§ **ABOUT THIS EXERCISE**: The entries below contain pictures. Write out only the lines from the line with "22 Card RFID" up to and including the line with "Silla Comercial para", exactly, without them.

——————

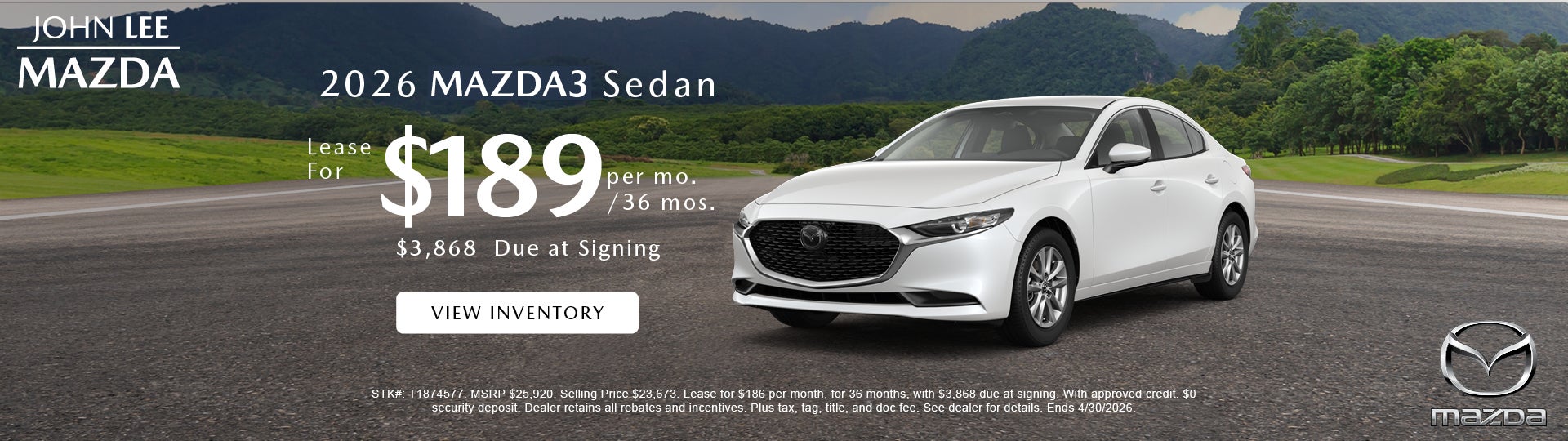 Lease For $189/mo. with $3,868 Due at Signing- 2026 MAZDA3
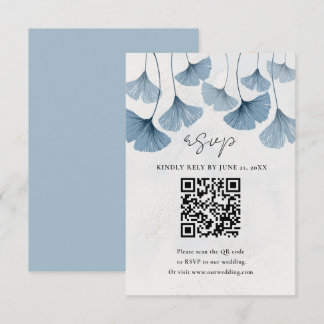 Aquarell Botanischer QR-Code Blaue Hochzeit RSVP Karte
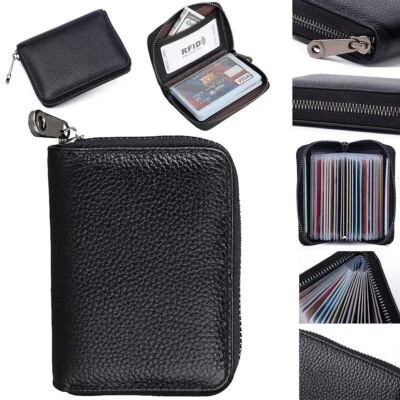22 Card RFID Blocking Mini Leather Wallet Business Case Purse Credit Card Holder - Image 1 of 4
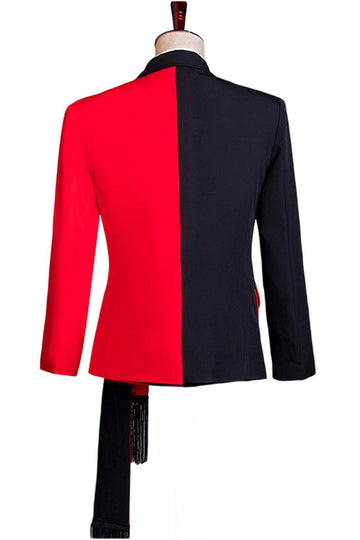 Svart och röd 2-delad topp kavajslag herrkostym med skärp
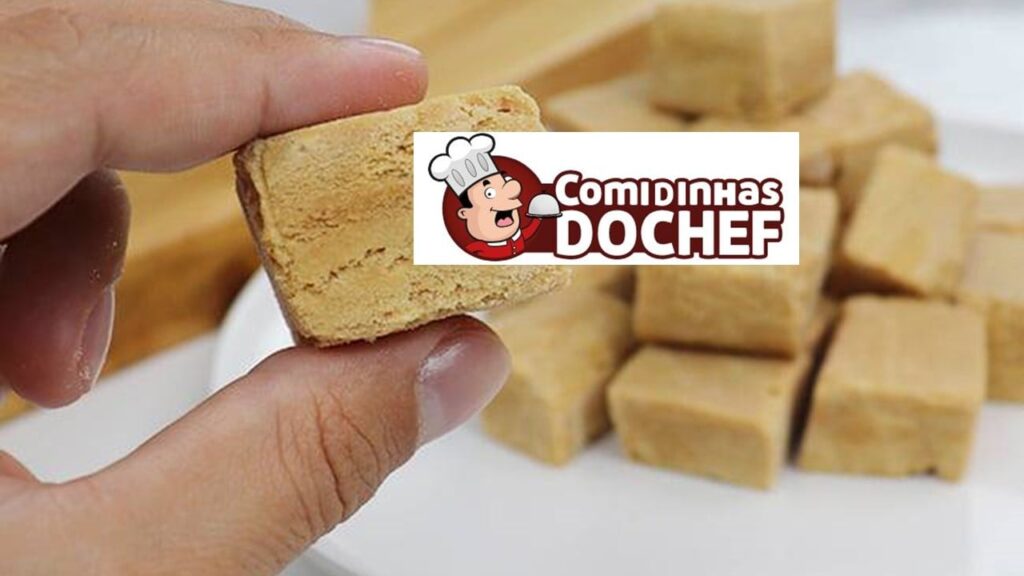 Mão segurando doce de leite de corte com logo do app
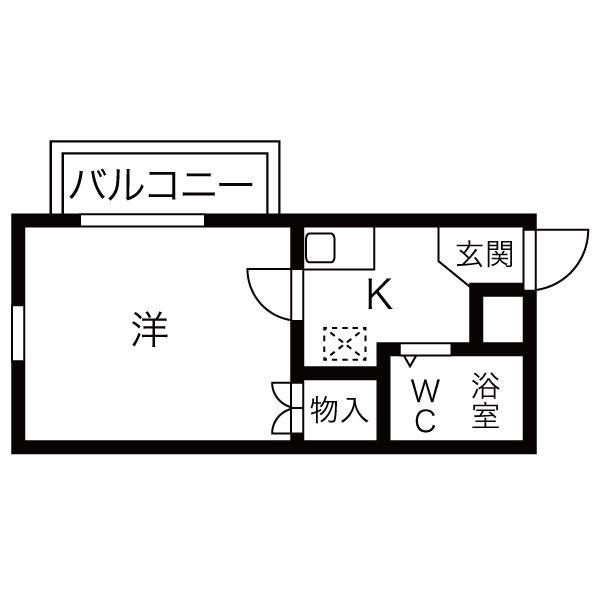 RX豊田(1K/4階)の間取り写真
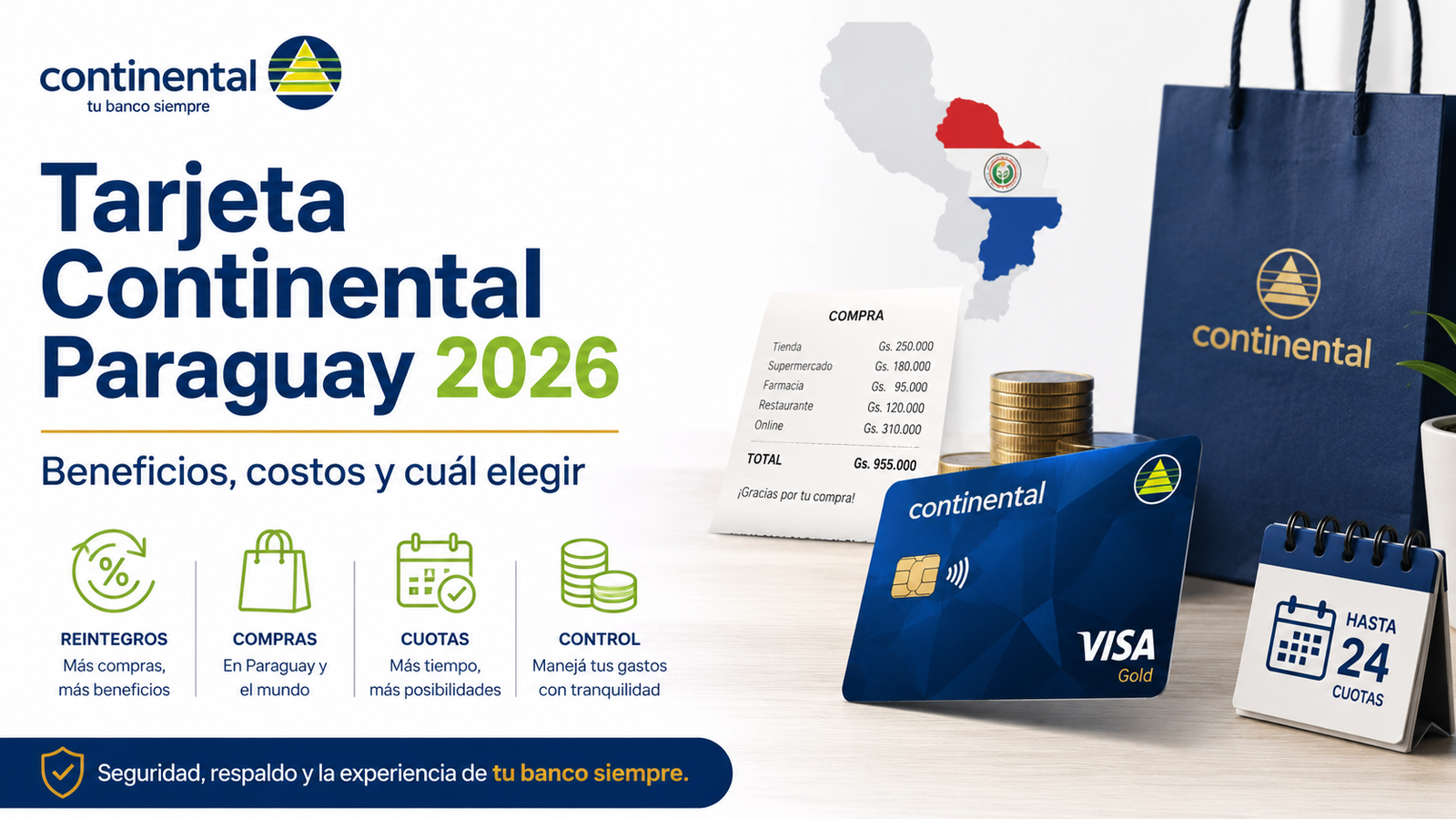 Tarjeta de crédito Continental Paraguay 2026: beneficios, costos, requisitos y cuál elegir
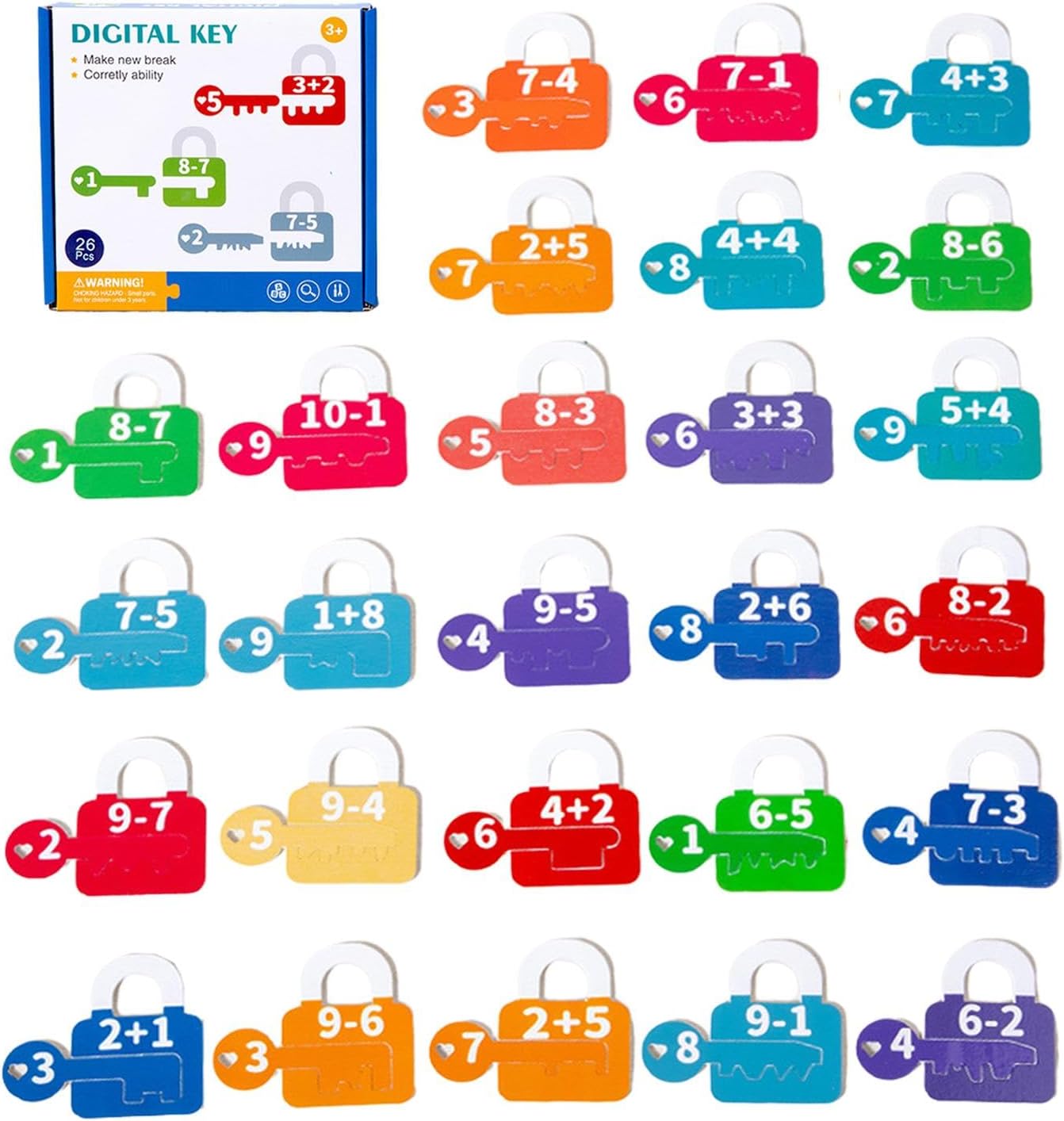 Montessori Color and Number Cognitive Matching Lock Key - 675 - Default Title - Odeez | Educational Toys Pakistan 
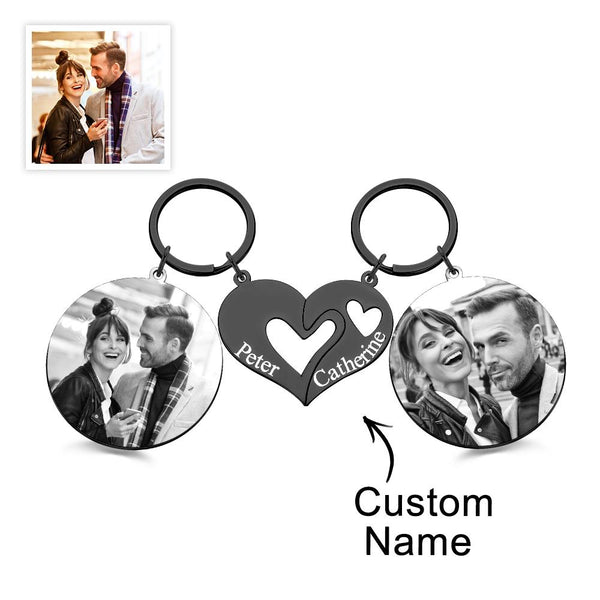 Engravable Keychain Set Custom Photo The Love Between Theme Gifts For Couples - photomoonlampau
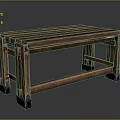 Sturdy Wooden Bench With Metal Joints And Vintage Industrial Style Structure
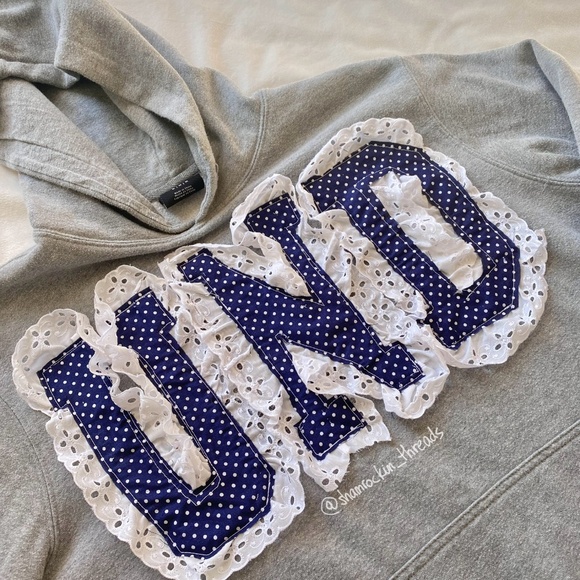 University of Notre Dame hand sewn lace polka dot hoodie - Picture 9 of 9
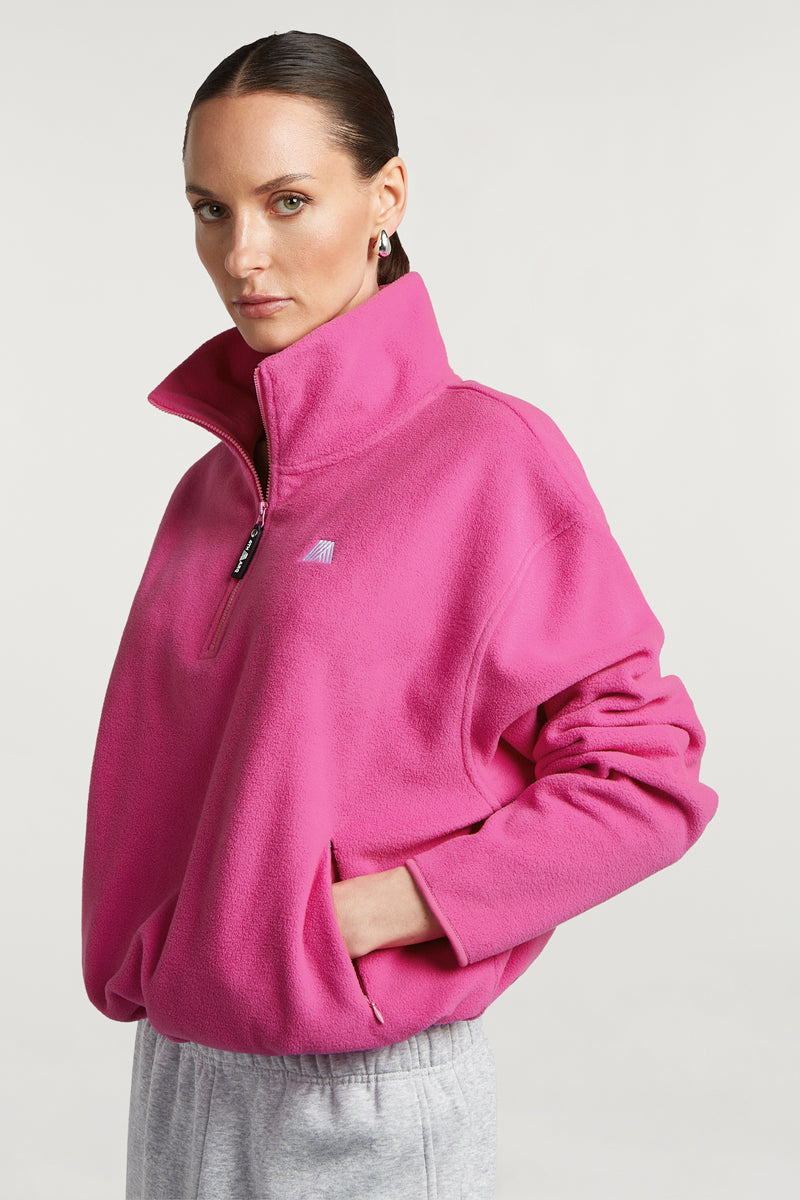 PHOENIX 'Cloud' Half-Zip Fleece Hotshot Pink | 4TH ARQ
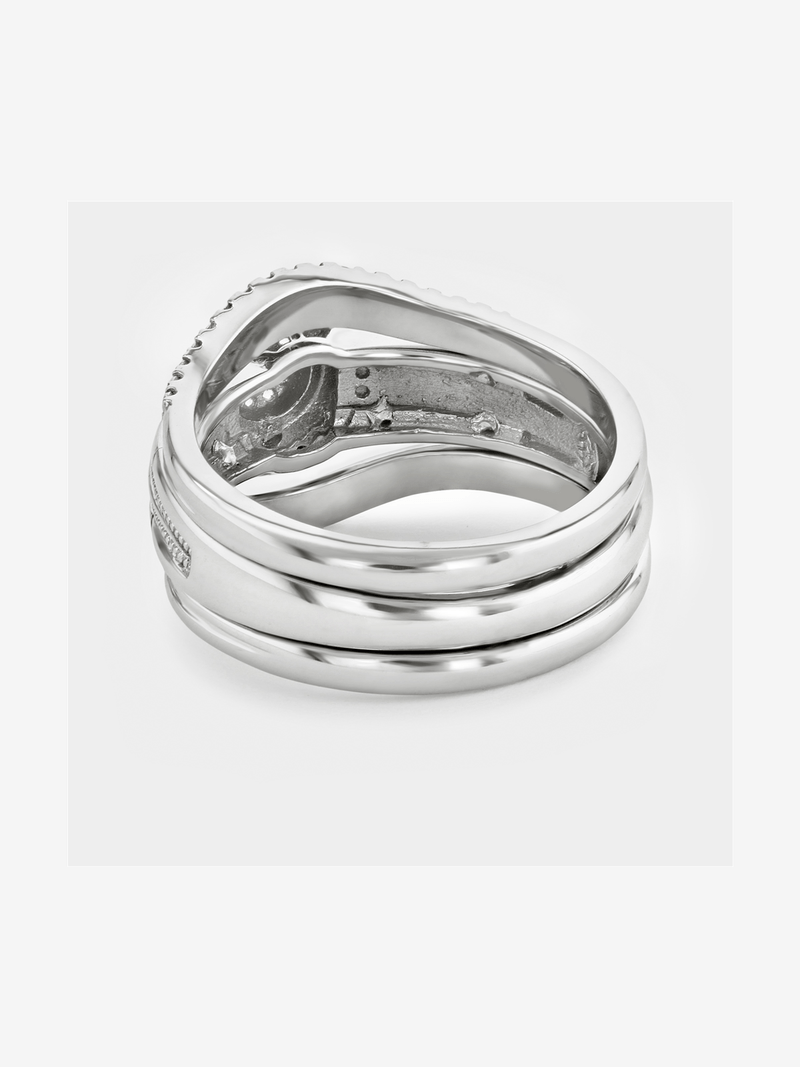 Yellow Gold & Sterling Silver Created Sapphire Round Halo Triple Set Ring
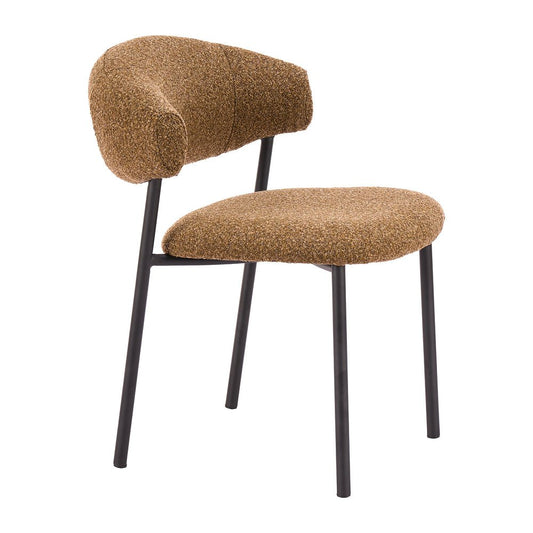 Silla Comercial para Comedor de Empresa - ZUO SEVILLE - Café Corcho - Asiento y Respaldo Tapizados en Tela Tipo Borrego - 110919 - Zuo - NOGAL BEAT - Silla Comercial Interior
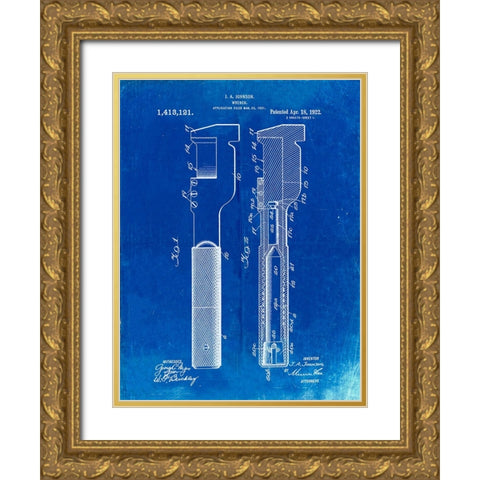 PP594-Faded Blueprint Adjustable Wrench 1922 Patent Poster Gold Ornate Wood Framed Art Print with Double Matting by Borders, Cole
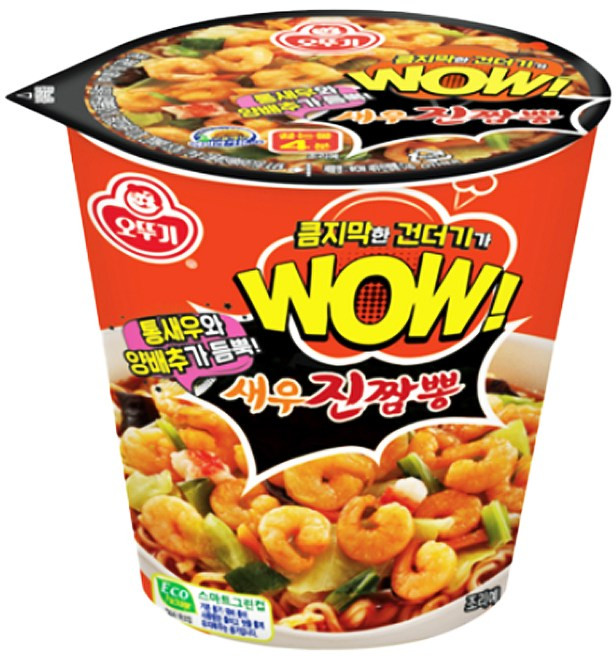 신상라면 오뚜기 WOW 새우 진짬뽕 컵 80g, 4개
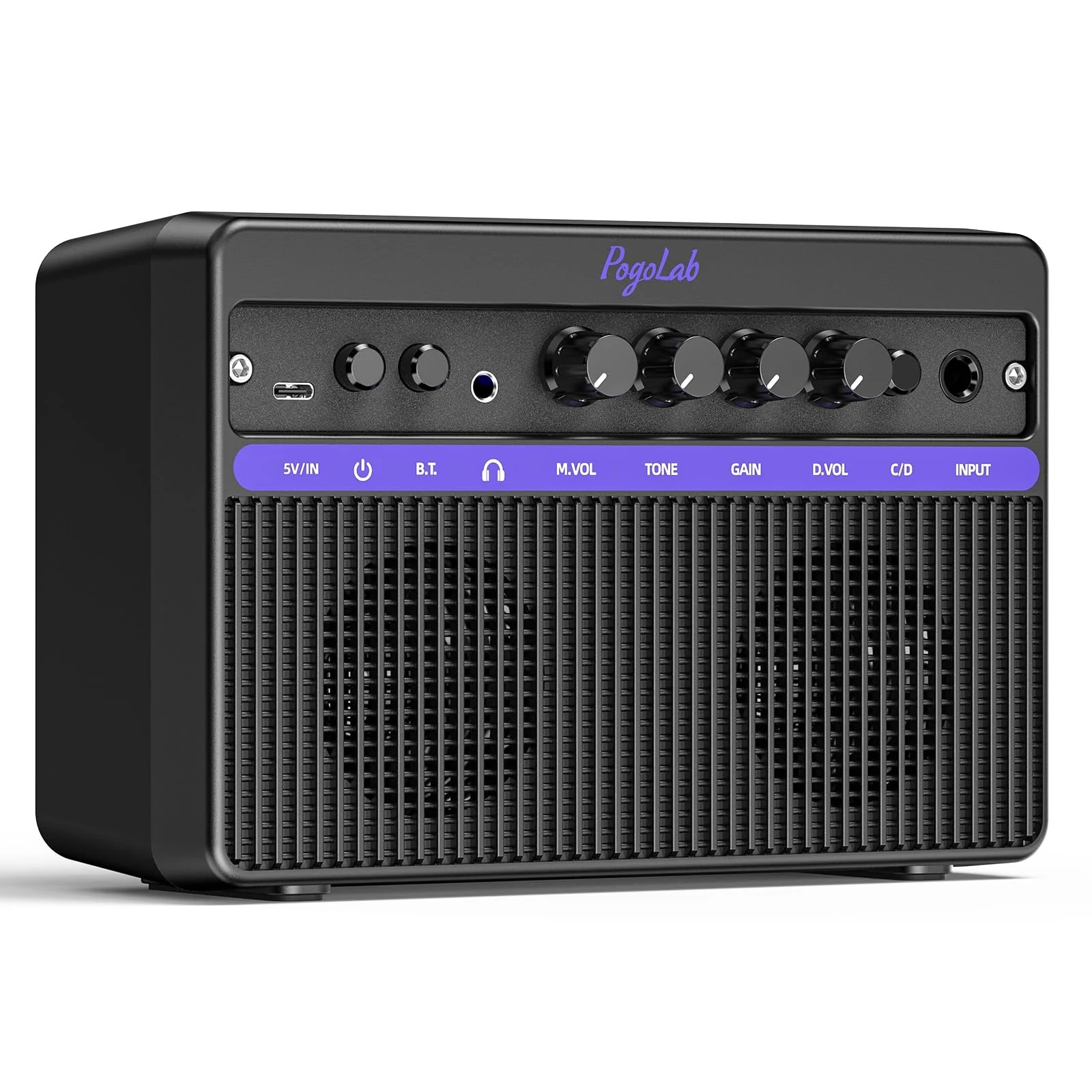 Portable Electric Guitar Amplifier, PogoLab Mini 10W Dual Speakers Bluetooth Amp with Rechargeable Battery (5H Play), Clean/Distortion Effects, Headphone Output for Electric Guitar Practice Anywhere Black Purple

——————

§ **EXPECTED ANSWER**:
22 Card RFID Blocking Mini Leather Wallet Business Case Purse Credit Card Holder - Image 1 of 4
 Svart och röd 2-delad topp kavajslag herrkostym med skärp
 Mão segurando doce de leite de corte com logo do app
 RX豊田(1K/4階)の間取り写真
 Tarjeta de crédito Continental Paraguay 2026: beneficios, costos, requisitos y cuál elegir
 Montessori Color and Number Cognitive Matching Lock Key - 675 - Default Title - Odeez | Educational Toys Pakistan 
 Engravable Keychain Set Custom Photo The Love Between Theme Gifts For Couples - photomoonlampau
 Sturdy Wooden Bench With Metal Joints And Vintage Industrial Style Structure
 University of Notre Dame hand sewn lace polka dot hoodie - Picture 9 of 9
 PHOENIX 'Cloud' Half-Zip Fleece Hotshot Pink | 4TH ARQ
 Yellow Gold & Sterling Silver Created Sapphire Round Halo Triple Set Ring
 Silla Comercial para Comedor de Empresa - ZUO SEVILLE - Café Corcho - Asiento y Respaldo Tapizados en Tela Tipo Borrego - 110919 - Zuo - NOGAL BEAT - Silla Comercial Interior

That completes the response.